25 thoughts on “Weekend Open Thread

  1. Federal judge issued a permanent injunction on Thursday against Denver Water's Gross Reservoir expansion. Front page news on the Denver Post today. The judge cited potential irreparable harm to the environment in her decision. No timeline yet for how long it will take the Army Corps of Engineers to redo the permitting process.

    1. [Insert This Morning’s Commercial Comments Here About How Overregulation is Destroying America’s Future, and Our Immediate Pressing Need to Begin Now Building New Nuclear Power Plants.]

      1. It is ridiculous how some government agencies like the Army Corps of Engineers can't do an adequate permitting review before committing to lots of environmental destruction.
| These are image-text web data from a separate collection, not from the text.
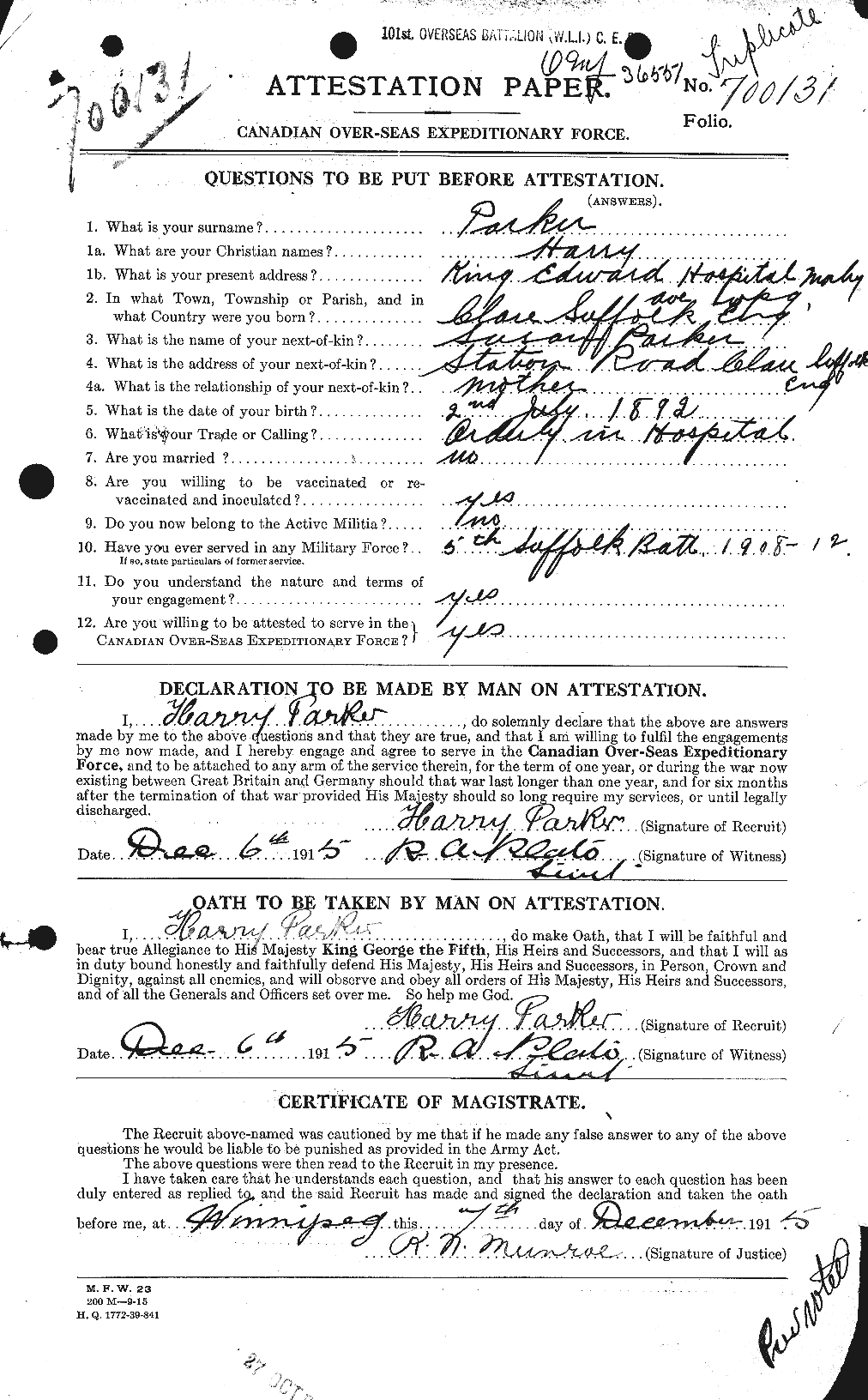 Personnel Records of the First World War - CEF 565326a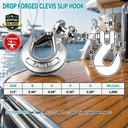 Mil Spec T316 Stainless Steel Drop Forged Clevis Slip Hook, Marine Grade Rigging Hook for Chain, Rope, Cable, and Lifting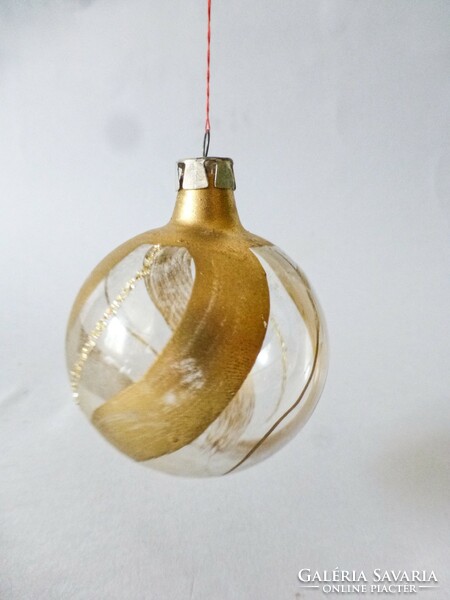Antik üveg karácsonyfadísz,Arany Átlátszó Gömb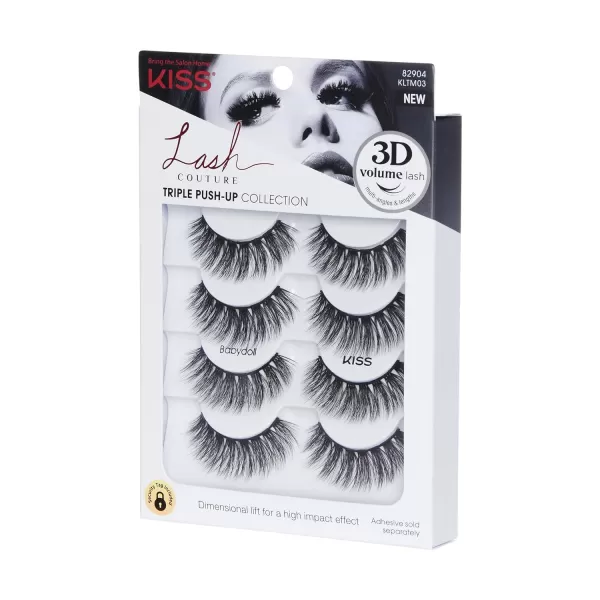 KISS Lash Couture Triple Push Up Collection, 3D Volume False Eyelashes with Triple Design Technology, Multi-Angles &amp; Lengths, Reusable, Style 'Camisole', 1 Pair Fake Eyelashes)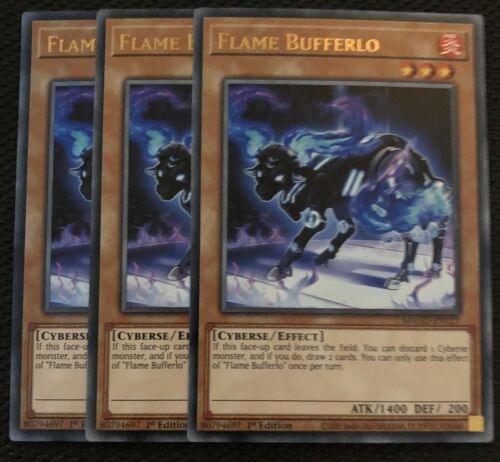 YUGIOH 3x MAGO-EN127 Flame Bufferlo 1st Edition Rare Playset - Picture 1 of 1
If you read the article in the Denver Post today David you would read that the Corp failed among other things to consider alternatives to the reservoir expansion and there were several. They didn't consider the impact of climate change on snow met runoff and they accepted Denver Water estimates of demand that were not offset by conservation initiatives and overstated.

        Denver Water jumped the gun before all legal issues had been resolved and don't get the benefit of having already started.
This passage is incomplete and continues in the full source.